[Stored data]
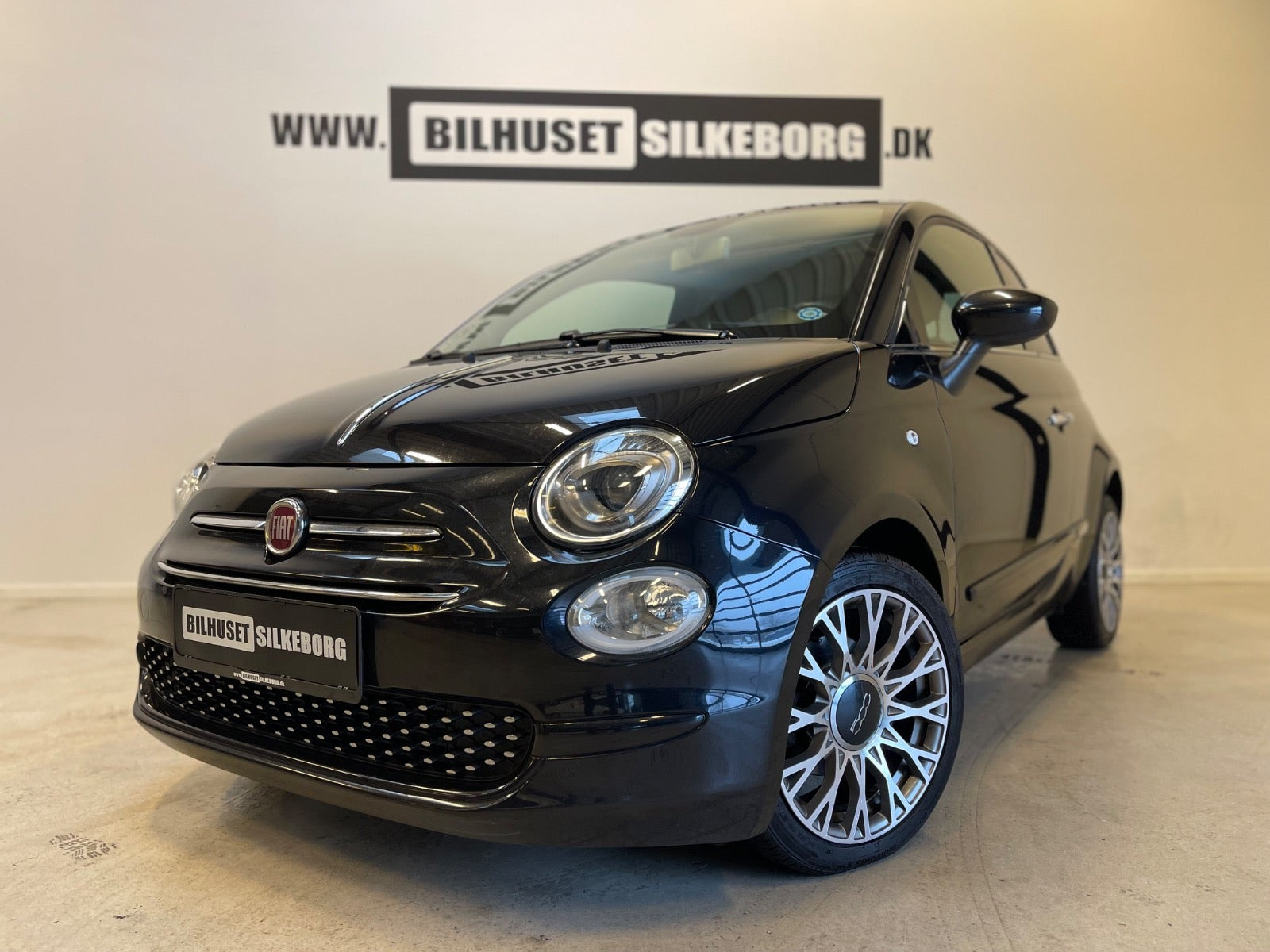 Grå Fiat 500 fra 2018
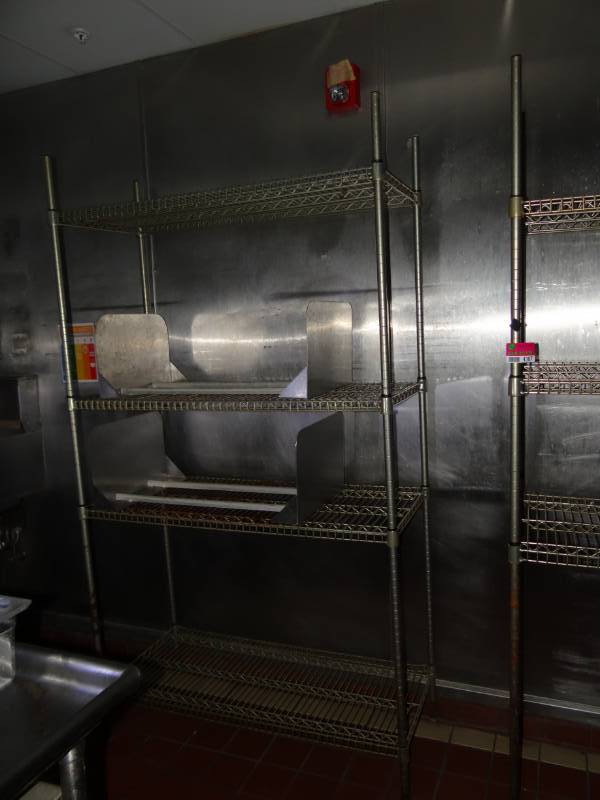 lot 4307 image: Lot of 2 Metro Racking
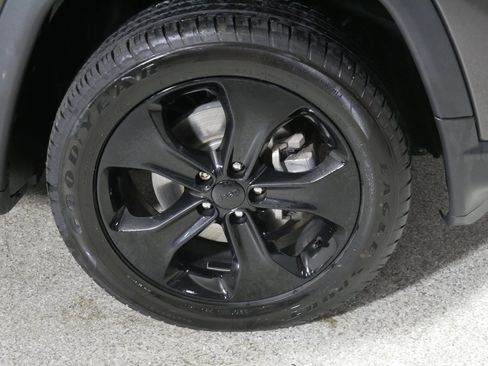 Used 2019 Jeep Compass Latitude AWD/4WD image 15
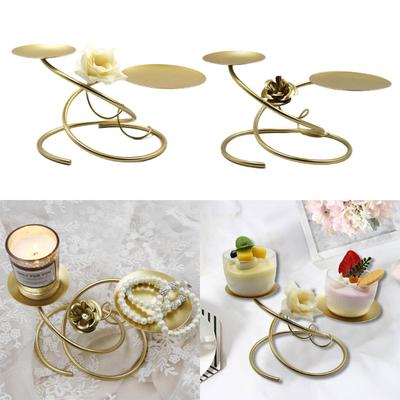 Portacandele a doppia testa in ferro battuto Decorazione Supporto Portacandele Forniture per cena romantica Tavolo da pranzo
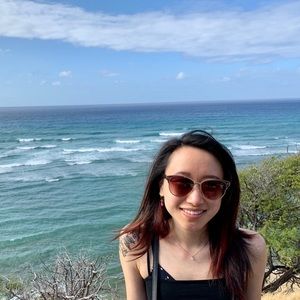 Meet your Posher, Alyssa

### HOW TO COMPLETE THIS TASK
Beginning with the line that contains "Used 2019 Jeep" and ending with the last line of the data, transcribe each line exactly; pictures stay out.

### RESPONSE AREA
 Used 2019 Jeep Compass Latitude AWD/4WD image 15
 Portacandele a doppia testa in ferro battuto Decorazione Supporto Portacandele Forniture per cena romantica Tavolo da pranzo
 Meet your Posher, Alyssa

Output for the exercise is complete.